Friday, September 17, 2010

17 years

17 years ago tonight, I couldn't sleep. I was happy, excited and nervous about getting married the next day. What did I have to worry about? I was marrying my best friend. He loved me and I loved him. Best friend or not, I was unable to stop my brain long enough to be able to really get to sleep. It didn't help that I had had my nails done that day and through some crazy grandeous plan, I had asked for them to be longer than I was used to. I thought they would look great for our wedding and everything would be okay. Well I did spend a few hours that evening with a very rough grain emory board trying to make them more manageable. For gosh sakes, they were so long I could hardly do anything for myself. So between tears and giggles over the fact that I had rendered myself completely helpless with my dumb choice for long nails, my mom and I sat and talked while I worked to shorten those nails. Okay so now that you are laughing at me, take a minute to imagine how much my fingers hurt the next day from the attempts to grind these nails to a realistic and functional length. Ugh. At least I wasn't completely and totally helpless any longer but I was still struggling to do the simple things.

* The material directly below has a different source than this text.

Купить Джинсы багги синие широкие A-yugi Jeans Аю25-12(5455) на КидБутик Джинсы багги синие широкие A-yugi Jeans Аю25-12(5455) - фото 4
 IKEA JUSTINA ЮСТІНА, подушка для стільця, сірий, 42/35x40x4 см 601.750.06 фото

Our ceremony was beautiful. Both my pastor from my church and Bob's uncle who was an ordained Episcopal priest were performing the ceremony. It was amazing.

I am amazed at how much my love has grown in just 17 years. Every day I find that I love Bob even more than the day before. It amazes me because I never knew that after this long you can still find new things to love about your spouse.

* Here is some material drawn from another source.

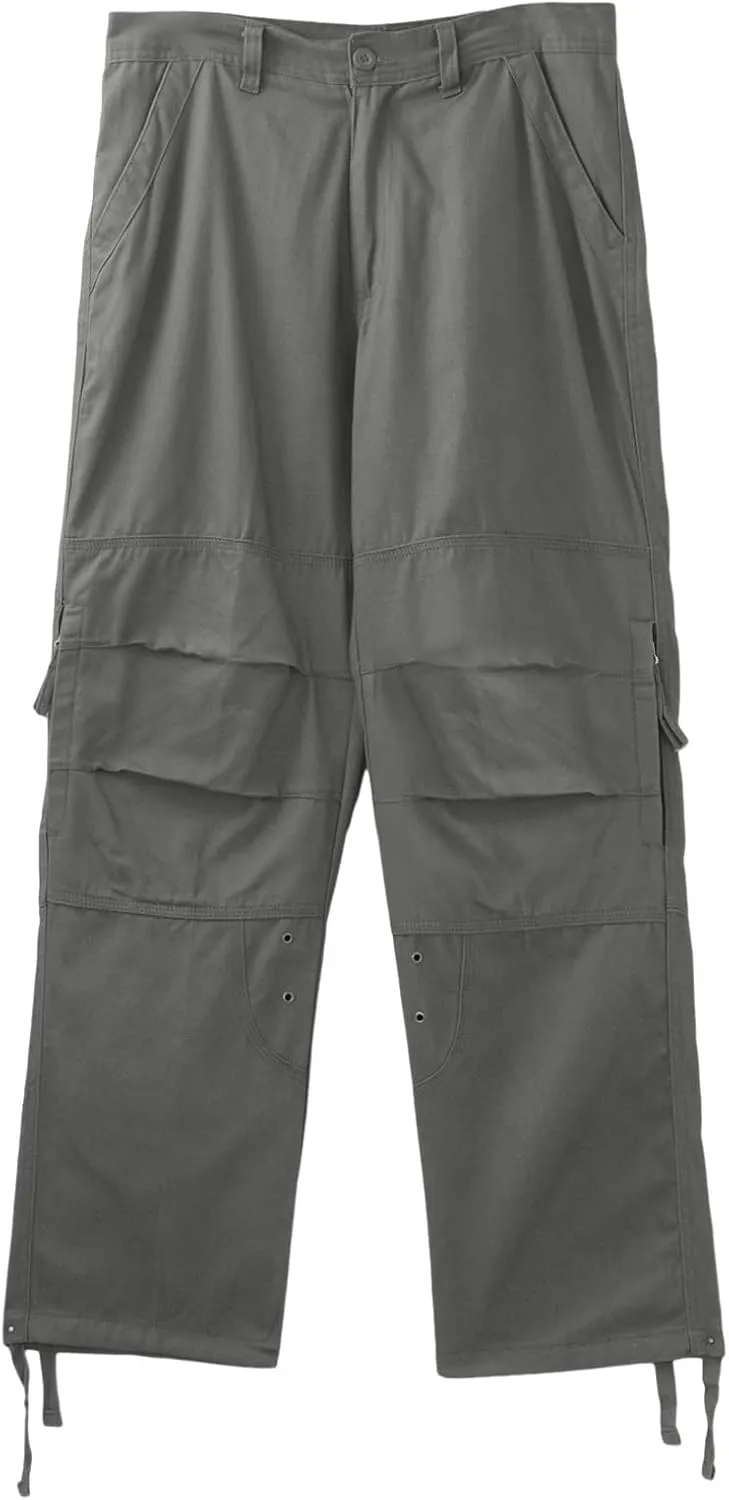 Mens Cargo Pants Relaxed Fit Work Hiking Pants Stretch Tactical Pants Lightweight Outdoor Travel Pants Multi Pockets Pants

I am happy to be Mrs. to his Mr. I cannot even venture to say where I would be right now if i had not met and fell head over heels in love with this man. He is my soulmate and best friend. Even when we don't always see eye to eye we cam still find that common ground that has always been so important in our relationship.

I love you my husband! Happy 17th anniversary and here's to the rest of our lives together.

Friday, September 10, 2010

Words of caution from an early hybrid adopter

Let me just say that this is all just my humble opinion and is probably just an irrational, emotional response to the latest update from my Toyota Dealership on what it will cost to fix my car THIS time…

Okay, so I really, really, really loved my Prius from the day we bought it back in May 2002. I even still really loved it the first time a big orange triangle came up. Of course, it was a recall item and they fixed it with no problems. And really, I even still loved it when it was 7 years and 8 months old… (Just shy of the 8 year battery warranty expiring) and I had to have $2800 worth of work done to replace the rack and pinion steering assembly (Which included the electronic control unit that was what failed). And I was still mostly in love with it when I had to have the brakes done for about $800 not too long ago. I was just getting back the love after recovering from the two other control units ($2700) that I just had replaced 6 weeks ago… Today however… I am no longer in love with my prius… I would trade it in without looking back if I could get a reasonable deal on a camry or something like that and never have to experience the frustration that goes with that stupid big orange triangle and all the money that it ends up costing every time that big orange triangle pops up on the screen.

I got the big ugly orange triangle this morning… They’ve had it all day at the dealership and the best they can tell me is that it’s something with the voltage regulator system in the car/hybrid system. They aren’t exactly sure what it is, but if it’s either one of the two things they suggest could be the problem, I will be out at least another $1500 to get it fixed. I will get my car back tomorrow and then they will get my car back on Monday at which point they will take it apart to work through the hybrid system to find the root of the issue. I try really hard to be an optimist about things, but I won’t be surprised if after a couple of days of them combing through the hybrid system and electrical system of the car, they’ll come back and tell me that $1500 was a low estimate and it will be more like double that.

So, here’s my suggestion to any and all Prius owners and you can take it for what it’s worth and with the knowledge that I’m frustrated… Trade those Prii off before the warranty expires…(and before all the savings you’ve had in gas go to repairing an aging hybrid) Everyone worries about the batteries… that’s always been the concern (“What happens if the hybrid batteries fail?” “How much does that cost?”)… It’s not the batteries that are the problem with this car… yet… It’s the electronic control system that is basically the brains of the hybrid system… My hope is that folks with the 2nd and 3rd generation hybrid systems will have better luck than me… Maybe mine is just because it’s the first gen…

Guess now all that's left is to wait and see which appendage I will have to give up for this repair.